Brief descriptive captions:
┏━━
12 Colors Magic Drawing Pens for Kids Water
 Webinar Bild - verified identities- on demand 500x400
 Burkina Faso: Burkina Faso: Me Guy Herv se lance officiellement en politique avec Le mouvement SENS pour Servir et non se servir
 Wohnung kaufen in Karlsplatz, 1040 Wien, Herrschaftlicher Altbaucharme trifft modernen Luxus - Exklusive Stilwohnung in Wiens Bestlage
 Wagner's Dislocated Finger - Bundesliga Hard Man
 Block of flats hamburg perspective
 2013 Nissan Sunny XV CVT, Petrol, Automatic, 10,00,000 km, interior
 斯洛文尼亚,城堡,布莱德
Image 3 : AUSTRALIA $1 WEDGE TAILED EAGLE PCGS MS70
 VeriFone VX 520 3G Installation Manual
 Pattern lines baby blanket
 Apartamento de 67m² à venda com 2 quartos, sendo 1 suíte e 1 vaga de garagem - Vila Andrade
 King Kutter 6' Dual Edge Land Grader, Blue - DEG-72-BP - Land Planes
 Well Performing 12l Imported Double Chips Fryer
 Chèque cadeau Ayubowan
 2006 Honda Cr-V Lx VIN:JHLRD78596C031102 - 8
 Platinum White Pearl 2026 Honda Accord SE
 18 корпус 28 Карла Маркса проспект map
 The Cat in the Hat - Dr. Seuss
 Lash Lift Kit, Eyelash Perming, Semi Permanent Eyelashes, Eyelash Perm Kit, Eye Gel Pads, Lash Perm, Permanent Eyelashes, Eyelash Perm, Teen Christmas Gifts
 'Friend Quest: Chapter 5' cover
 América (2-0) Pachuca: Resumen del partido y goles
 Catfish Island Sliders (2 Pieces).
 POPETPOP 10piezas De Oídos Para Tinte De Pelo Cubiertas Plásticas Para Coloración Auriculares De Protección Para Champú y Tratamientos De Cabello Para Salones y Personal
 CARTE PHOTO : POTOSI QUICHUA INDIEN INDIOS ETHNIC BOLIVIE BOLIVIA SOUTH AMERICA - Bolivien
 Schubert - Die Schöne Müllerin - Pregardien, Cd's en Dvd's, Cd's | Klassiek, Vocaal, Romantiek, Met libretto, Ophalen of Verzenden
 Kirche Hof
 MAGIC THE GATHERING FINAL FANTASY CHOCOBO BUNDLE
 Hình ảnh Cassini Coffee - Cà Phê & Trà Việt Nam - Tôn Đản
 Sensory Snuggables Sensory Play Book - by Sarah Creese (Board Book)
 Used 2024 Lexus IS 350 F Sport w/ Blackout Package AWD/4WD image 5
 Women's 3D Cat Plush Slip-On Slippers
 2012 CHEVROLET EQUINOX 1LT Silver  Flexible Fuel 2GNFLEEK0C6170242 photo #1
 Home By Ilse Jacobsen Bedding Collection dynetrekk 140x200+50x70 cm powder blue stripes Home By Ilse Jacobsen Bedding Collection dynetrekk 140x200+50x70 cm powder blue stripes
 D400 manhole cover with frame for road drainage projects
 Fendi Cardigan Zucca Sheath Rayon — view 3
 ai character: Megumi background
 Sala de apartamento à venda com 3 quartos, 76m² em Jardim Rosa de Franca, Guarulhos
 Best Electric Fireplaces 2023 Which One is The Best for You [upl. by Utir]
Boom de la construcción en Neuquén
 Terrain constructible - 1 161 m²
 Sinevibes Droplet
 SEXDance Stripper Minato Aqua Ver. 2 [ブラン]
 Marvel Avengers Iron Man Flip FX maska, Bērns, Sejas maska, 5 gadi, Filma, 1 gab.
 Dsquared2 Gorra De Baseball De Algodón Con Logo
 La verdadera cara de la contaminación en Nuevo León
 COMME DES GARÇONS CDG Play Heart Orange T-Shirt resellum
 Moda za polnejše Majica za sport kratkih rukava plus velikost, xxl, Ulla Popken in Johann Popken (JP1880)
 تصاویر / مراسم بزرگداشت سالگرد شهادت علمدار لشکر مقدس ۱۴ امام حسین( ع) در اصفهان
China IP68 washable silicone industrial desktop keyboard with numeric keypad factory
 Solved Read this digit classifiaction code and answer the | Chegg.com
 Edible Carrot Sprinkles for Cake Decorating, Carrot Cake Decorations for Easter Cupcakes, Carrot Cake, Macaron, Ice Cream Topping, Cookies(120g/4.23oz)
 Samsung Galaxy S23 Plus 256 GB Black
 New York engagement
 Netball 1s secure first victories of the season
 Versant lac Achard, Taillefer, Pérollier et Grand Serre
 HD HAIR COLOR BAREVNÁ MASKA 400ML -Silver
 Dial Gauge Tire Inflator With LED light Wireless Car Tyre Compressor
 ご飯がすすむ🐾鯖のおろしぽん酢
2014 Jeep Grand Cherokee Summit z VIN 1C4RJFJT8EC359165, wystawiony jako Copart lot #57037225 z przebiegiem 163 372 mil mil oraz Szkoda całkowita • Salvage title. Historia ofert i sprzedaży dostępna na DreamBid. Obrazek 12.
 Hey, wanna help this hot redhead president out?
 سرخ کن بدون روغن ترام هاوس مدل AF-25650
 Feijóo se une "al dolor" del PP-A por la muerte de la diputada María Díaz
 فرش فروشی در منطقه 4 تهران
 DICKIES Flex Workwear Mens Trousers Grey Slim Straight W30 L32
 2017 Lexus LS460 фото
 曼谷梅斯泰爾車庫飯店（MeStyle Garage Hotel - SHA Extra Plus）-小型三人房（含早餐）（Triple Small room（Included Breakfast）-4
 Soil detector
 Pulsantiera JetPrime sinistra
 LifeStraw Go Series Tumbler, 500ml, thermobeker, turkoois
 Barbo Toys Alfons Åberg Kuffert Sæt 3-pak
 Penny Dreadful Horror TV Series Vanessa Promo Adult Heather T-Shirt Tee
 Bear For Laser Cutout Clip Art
┗━━
Wherever the word "Play" turns up in a line of the entries above, copy that line.

 Sensory Snuggables Sensory Play Book - by Sarah Creese (Board Book)
 COMME DES GARÇONS CDG Play Heart Orange T-Shirt resellum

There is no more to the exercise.